The Anti-Homosexuality Act 2023 was signed into law by Ugandan President Yoweri Museveni in May last year, introducing some of the harshest penalties in the world, such as the death penalty for so-called “aggravated homosexuality”. The legislation was challenged before Uganda’s Constitutional Court which, while ruling against part of the law, upheld some of its draconian punishments.
The Act is considered the world’s harshest law targeting the LGBTQ+ community, in a country where same-sex relations were already illegal under a colonial-era penal code retained after independence. Activists from Uganda and from all over the world have strongly condemned the law, which has already caused LGBTQ+ people to lose jobs, be evicted from their homes and lose support from their families.
In addition to this, the legislation is also contributing to spreading fear and misinformation, with devastating consequences on LGBTQ+ people’s ability to access healthcare in Uganda. In an interview with The Guardian, Brian Aliganyira, founder of Ark Wellness Hub, a health clinic dedicated to the LGBTQ+ community in Kampala, Uganda, explained how things have changed since the law was passed.
“The narrative has been created in Uganda that once you operate as an organisation [like ours], or an activist, you’re recruiting children into homosexuality,” Aliganyira said.
He explained that providing healthcare services specifically for the LGBTQ+ community could now be seen as “promoting homosexuality” and thus that the clinic had to remove leaflets and take other precautions. The staff is also no longer able to have open conversations about sexual health with their patients. Moreover, three members of their staff had to quit last year due to the climate created by the law.

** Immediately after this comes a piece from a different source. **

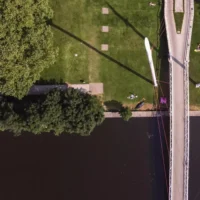 Ghent enforces swimming restrictions amid health concerns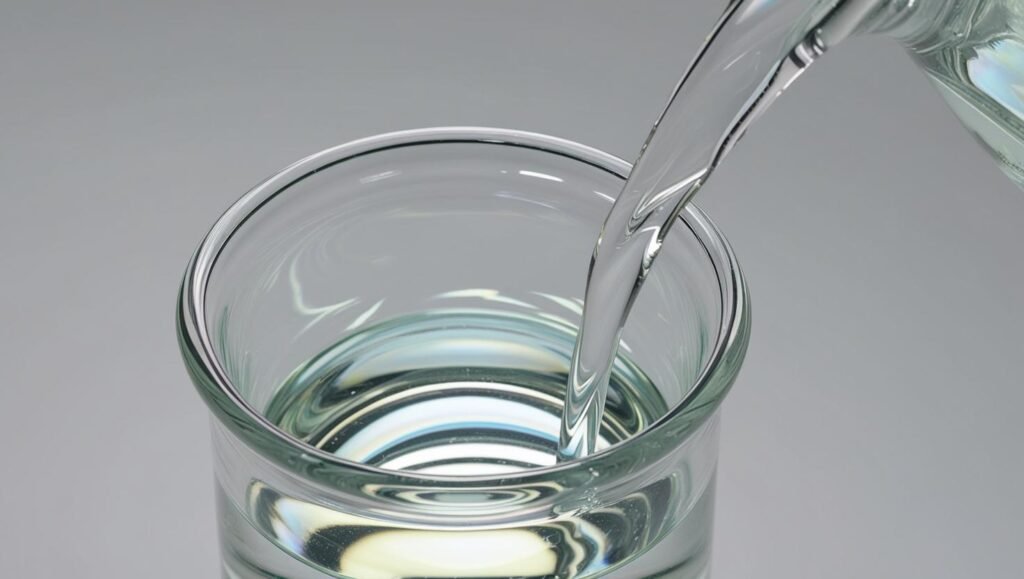 Technical White Oil Used in plastics, rubber processing, and textiles for lubrication, anti-static performance, and mold release. Offers high stability and non-toxicity.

“So many threats from outside. Also some of their families were telling them to quit that kind of job, because it was illegal. We have a very strong attachment to our families, to tradition and to religion. So three of our doctors left last year because of that pressure,” Aliganyira said, adding that patients are also too fearful to come in now.

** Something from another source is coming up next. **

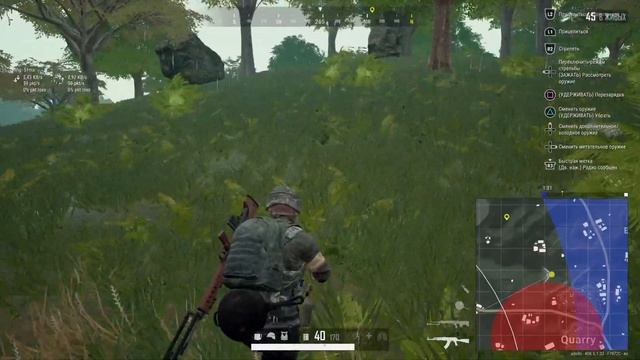 PLAYERUNKNOWN'S BATTLEGROUNDS: Кровавая баня в Сайгоне смотреть онлайн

“The whole propaganda, the whole debate led to the decrease in terms of clients accessing services. They were scared. They feared coming to the clinic. They feared even being called for things like follow-up,” he told The Guardian. “Clients who used to come and pick up test kits would not pick them up. Clients who were living with HIV had trouble coming back and picking [up] their ARVs.”
In addition to this, the rampant misinformation is also hindering people’s ability to access the healthcare they need. Aliganyira recounted how one patient stopped taking PrEP because he had been persuaded that the medication would turn him into a woman, with the consequence that he tested positive for HIV.

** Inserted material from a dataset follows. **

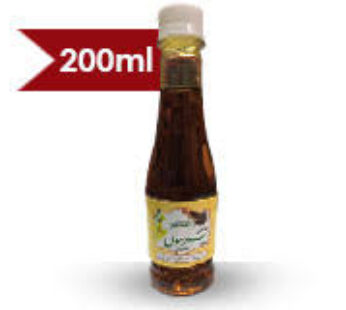 Ubqari Mustard Oil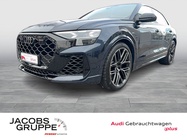 Audi RSQ8 2024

Some people are forced to travel eight hours to access antiretroviral medication. Aliganyira also spoke about a trans woman who, after being attacked last year, went to the hospital. However, when the staff found out she was trans, they called the press instead of providing care, win the woman ending up in a coma due to brain swelling.
“That shows you how much homophobia supersedes the value of someone else’s life,” Aliganyira commented.